### Data provided:
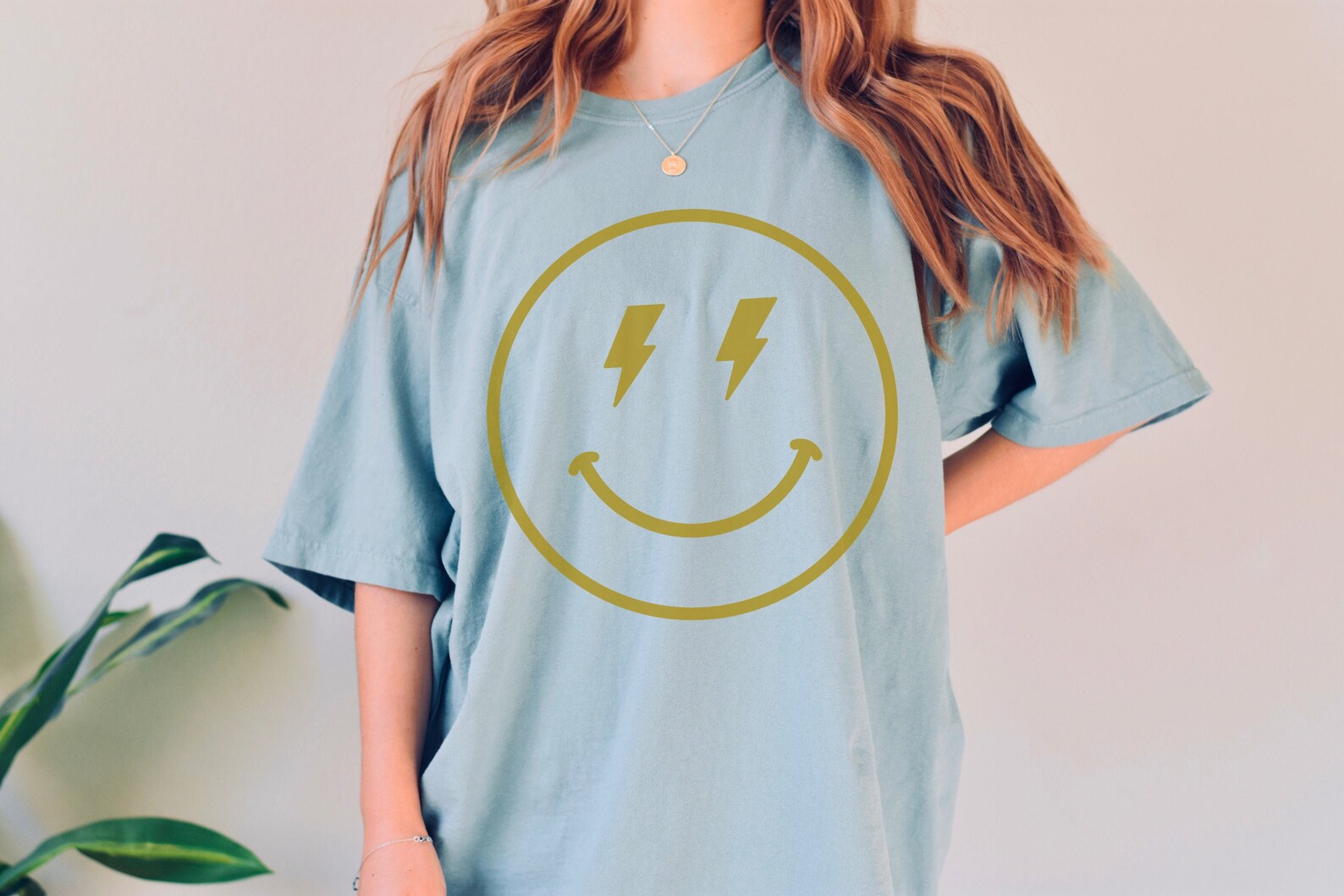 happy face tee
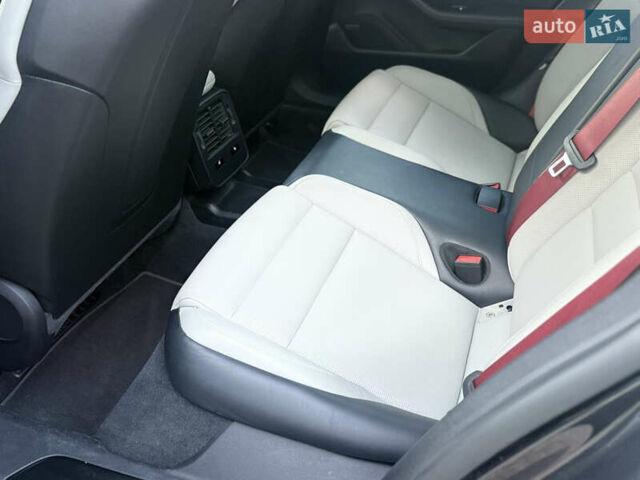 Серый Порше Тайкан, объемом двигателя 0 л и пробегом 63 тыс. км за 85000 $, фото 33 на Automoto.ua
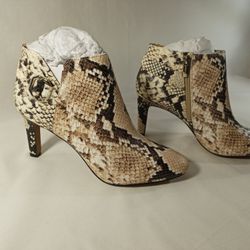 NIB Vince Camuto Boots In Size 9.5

### Task to carry out:
For this exercise, retype the listing above word for word and omit the pictures.

### Your solution:
 happy face tee
 Серый Порше Тайкан, объемом двигателя 0 л и пробегом 63 тыс. км за 85000 $, фото 33 на Automoto.ua
 NIB Vince Camuto Boots In Size 9.5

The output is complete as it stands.